The process of making orange wine is where these two winemaking methods overlap. Essentially, orange wine allows white wines to ferment with their skins, as red wines would. Another term for orange wine is skin-contact white wine, which perfectly describes how it is made. In most cases, winemakers don't add additives, allowing the wine to develop and ferment naturally. Rarely is there even commercial yeast added for fermentation, genuinely allowing the wine to express its pure self.

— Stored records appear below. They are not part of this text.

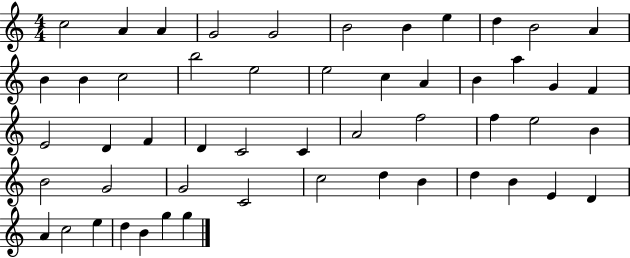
{
  \clef treble
  \numericTimeSignature
  \time 4/4
  \key c \major
  c''2 a'4 a'4 | g'2 g'2 | b'2 b'4 e''4 | d''4 b'2 a'4 | \break b'4 b'4 c''2 | b''2 e''2 | e''2 c''4 a'4 | b'4 a''4 g'4 f'4 | \break e'2 d'4 f'4 | d'4 c'2 c'4 | a'2 f''2 | f''4 e''2 b'4 | \break b'2 g'2 | g'2 c'2 | c''2 d''4 b'4 | d''4 b'4 e'4 d'4 | \break a'4 c''2 e''4 | d''4 b'4 g''4 g''4 | \bar "|."
}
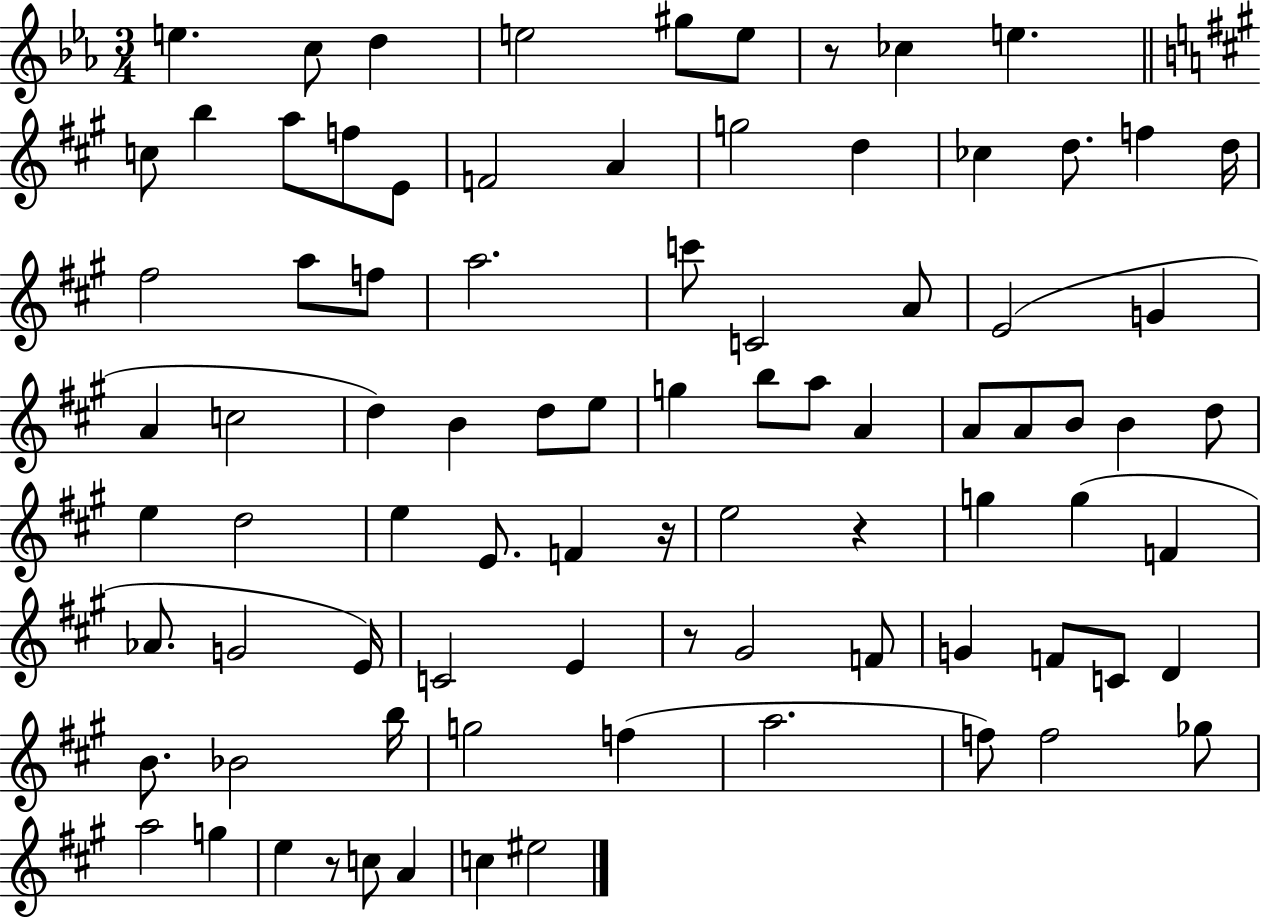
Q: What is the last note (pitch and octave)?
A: EIS5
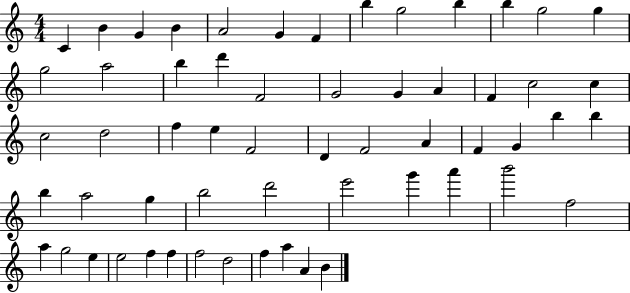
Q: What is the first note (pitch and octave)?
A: C4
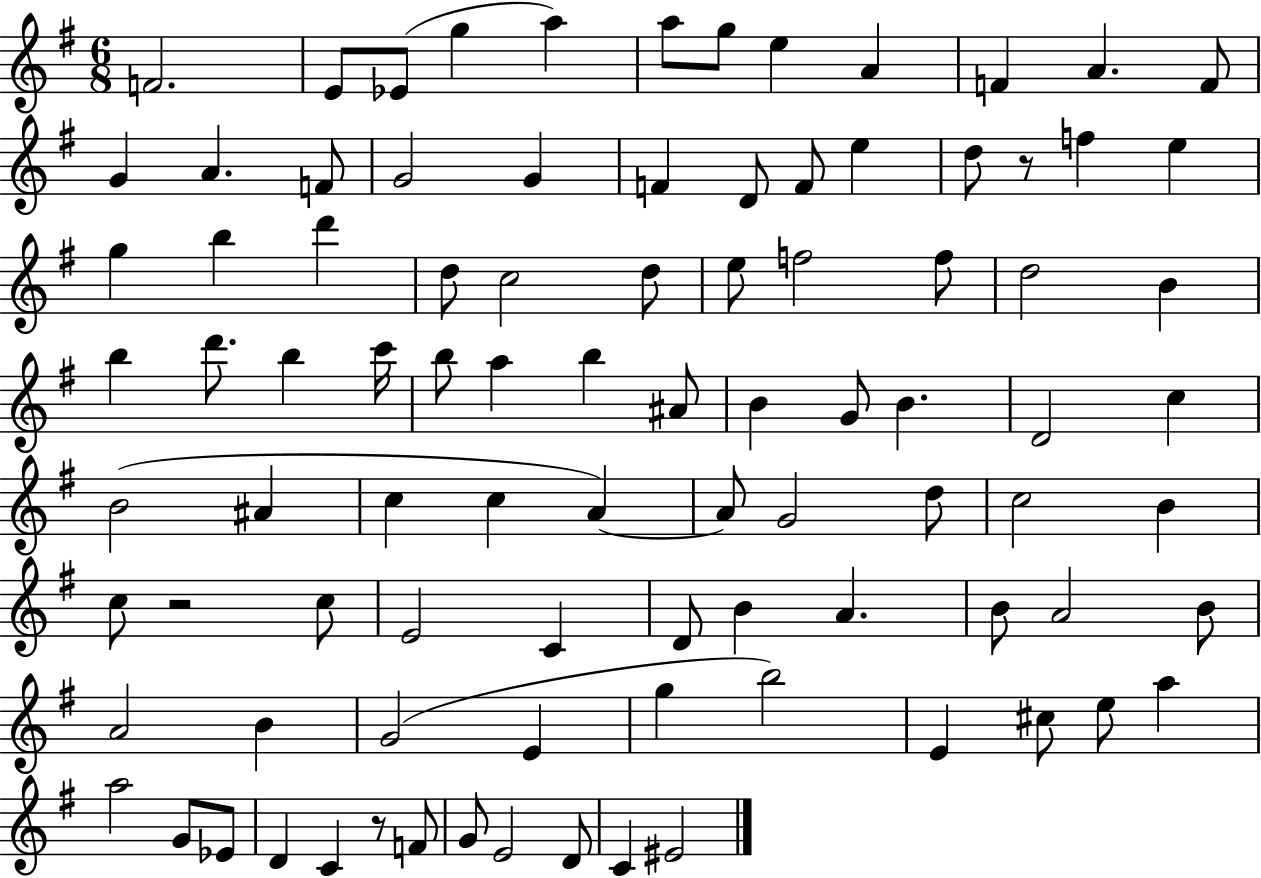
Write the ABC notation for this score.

X:1
T:Untitled
M:6/8
L:1/4
K:G
F2 E/2 _E/2 g a a/2 g/2 e A F A F/2 G A F/2 G2 G F D/2 F/2 e d/2 z/2 f e g b d' d/2 c2 d/2 e/2 f2 f/2 d2 B b d'/2 b c'/4 b/2 a b ^A/2 B G/2 B D2 c B2 ^A c c A A/2 G2 d/2 c2 B c/2 z2 c/2 E2 C D/2 B A B/2 A2 B/2 A2 B G2 E g b2 E ^c/2 e/2 a a2 G/2 _E/2 D C z/2 F/2 G/2 E2 D/2 C ^E2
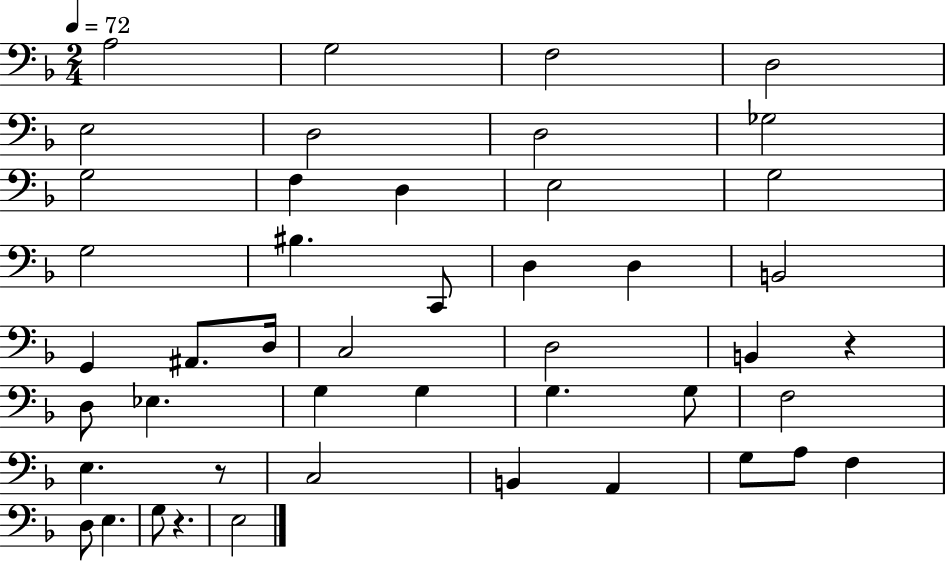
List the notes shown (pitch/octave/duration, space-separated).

A3/h G3/h F3/h D3/h E3/h D3/h D3/h Gb3/h G3/h F3/q D3/q E3/h G3/h G3/h BIS3/q. C2/e D3/q D3/q B2/h G2/q A#2/e. D3/s C3/h D3/h B2/q R/q D3/e Eb3/q. G3/q G3/q G3/q. G3/e F3/h E3/q. R/e C3/h B2/q A2/q G3/e A3/e F3/q D3/e E3/q. G3/e R/q. E3/h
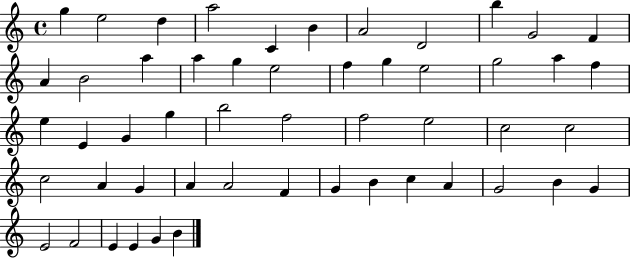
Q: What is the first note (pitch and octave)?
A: G5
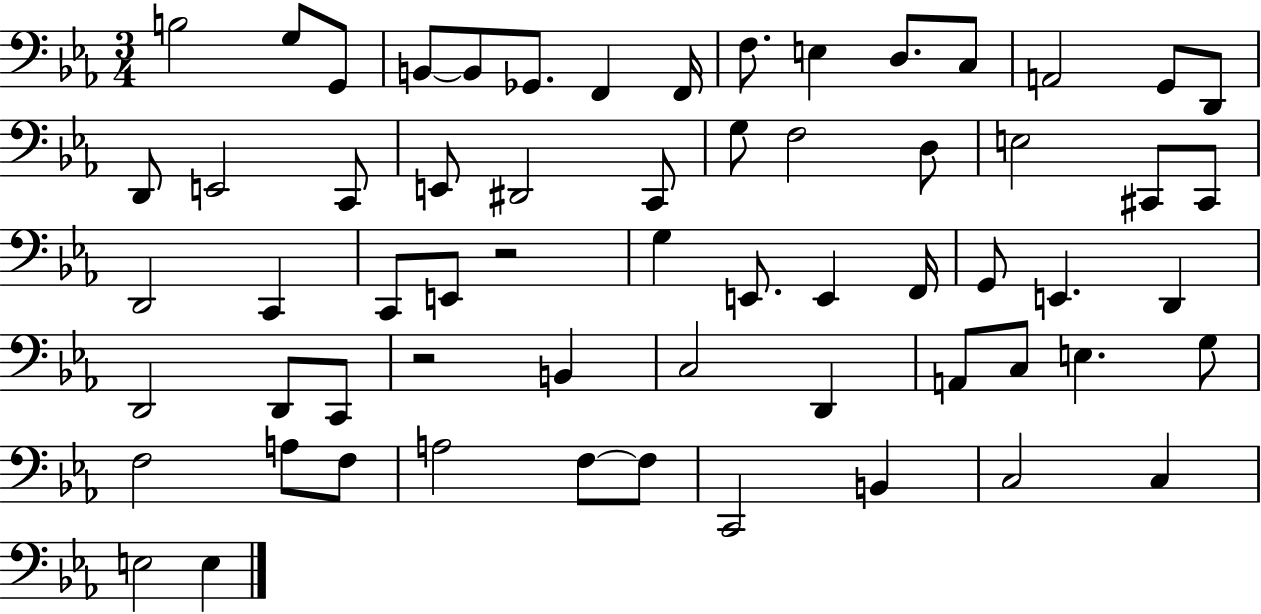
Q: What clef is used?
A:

Compared to traditional white wines, these orange wines have an intense, dark, golden hue (hence the name) and have a range of different aromas and flavors. You will find notes of honey, jackfruit, hazelnut, bruised apple, sourdough, and orange rind. These wines are also very dry and high in tannin (which is not common with white wine at all.) The wines are extremely big, bold, and expressive, and not an easy-drinking, sipping wine.
In terms of food and wine pairings, orange wine pairs best with bold food that doesn't shy away from the wine's boldness. Food with complex spices, especially those from Thailand, Japan, and Korea, pair exceptionally well with these wines. These are excellent options for those looking to pair white wine with red meat. Since most white wines are too elegant for the high protein in red meat, the pairings don't work well. However, the tannin and boldness of an orange wine would do exceptionally well with the meat.